Because the DC Circuit didn’t specifically rule on whether online gaming servers being located on tribal land satisfies the requirements for gaming under IGRA to take place on tribal lands, Wallach doesn’t believe this will be the last the Supreme Court hears about online gaming under IGRA.
Wallach posted on X (formerly known as Twitter):
“It seems unlikely the DC Circuit’s decision will be the last word on the ‘compactability’ of internet gaming. SCOTUS will weigh in at some point and resolve the uncertainty over IGRA’s scope.”
Wallach filed an amicus brief with the Supreme Court in support of West Flagler’s petition. In the Supreme Court filing, Wallach cites a PlayUSA article on how the DC Circuit decision could eventually facilitate tribal online sports betting and online casino gaming in California.

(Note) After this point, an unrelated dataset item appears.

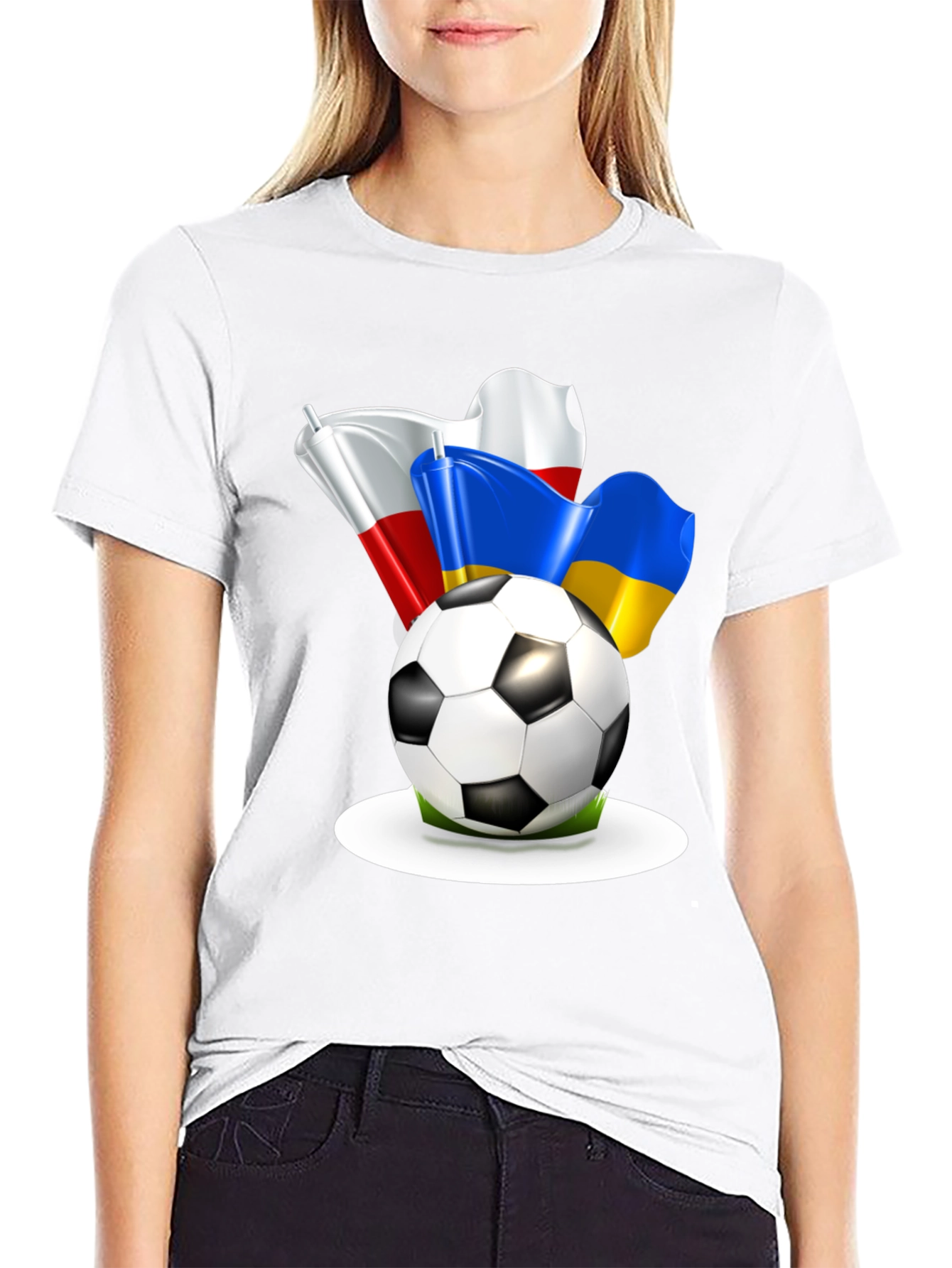 Poland Ukraine Football T-Shirt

Decision could spark Florida online casino effort
Seminole Gaming CEO Jim Allen told PlayUSA in April that a favorable US Supreme Court decision on the compact challenge could lead the Seminole Tribe to begin pursuing Florida online casinos through the legislature.
“I think that, No. 1, if the case was resolved in our favor, we would then have to reinitiate conversations with the governor’s office, the House and the Senate. And then that becomes a political process that we would navigate through.”
Originally, the compact agreed to by the Seminole Tribe and Gov. Ron DeSantis set the stage for future online casino discussions.
It included language instructing the state to begin good-faith negotiations with the tribe on Florida online casino within 36 months of the compact going into effect.
In approving the compact during a special legislative session in 2021, the legislature removed mention of iCasino.
With the statewide online sports betting model now cleared federally, the tribe could look to ignite those discussions with the state as soon as next year.